The distributive property is a fundamental concept in algebra that helps simplify expressions and equations. It allows you to multiply a single term across terms inside parentheses.

In the equation given, \[8(x+3)=64\], we employ the distributive property in the first step to eliminate the parentheses. By multiplying 8 by each term inside \((x + 3)\), the expression becomes:

• \(8 \times x = 8x\)
• \(8 \times 3 = 24\)

These calculations transform the equation into: \[8x + 24 = 64\]This simplification makes it easier to continue solving the equation. Understanding and applying the distributive property efficiently can significantly enhance your ability to manipulate and solve algebraic expressions.

Equation solving in algebra involves finding the value of the variable that makes the equation true. It requires simplifying the equation step by step to isolate the variable.

From the equation \(8x + 24 = 64\), the goal is to transform it into a simpler form where the variable is on one side.

By identifying like terms and performing basic arithmetic operations, we move towards a solution.

• First, subtract 24 from both sides of the equation to maintain equality: \[8x + 24 - 24 = 64 - 24\]
• This simplifies to: \[8x = 40\]

Each operation brings us closer to the simplest form possible. The key to successful equation solving lies in understanding the balance and keeping the equation equal on both sides throughout this process.
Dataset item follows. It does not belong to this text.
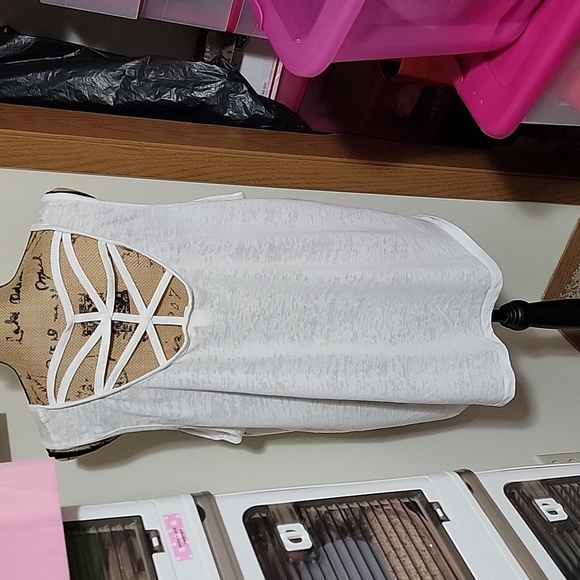 2x white light weight tank top. Open back design and bling on the front. - Picture 3 of 5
Variable isolation is the final goal in solving algebraic equations. It involves leaving the variable on one side and having a number or simplified expression on the other.

After distributing and simplifying, the equation \(8x = 40\) is ready for variable isolation.
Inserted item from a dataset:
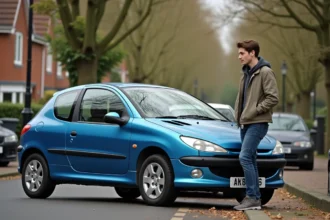 Jeune homme réfléchissant à côté d'une Peugeot 206 dans la rue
To isolate \(x\), we divide both sides by 8, which is the coefficient of \(x\):

• \[\frac{8x}{8} = \frac{40}{8}\]

This operation simplifies the equation to \(x = 5\). At this stage, the value of the variable \(x\) is found.

Remember, the aim is to express \(x\) purely in terms of numbers, and doing so confirms that \(x = 5\) satisfies the original equation. Properly isolating variables is crucial as it reflects the solution to the problem in its simplest form.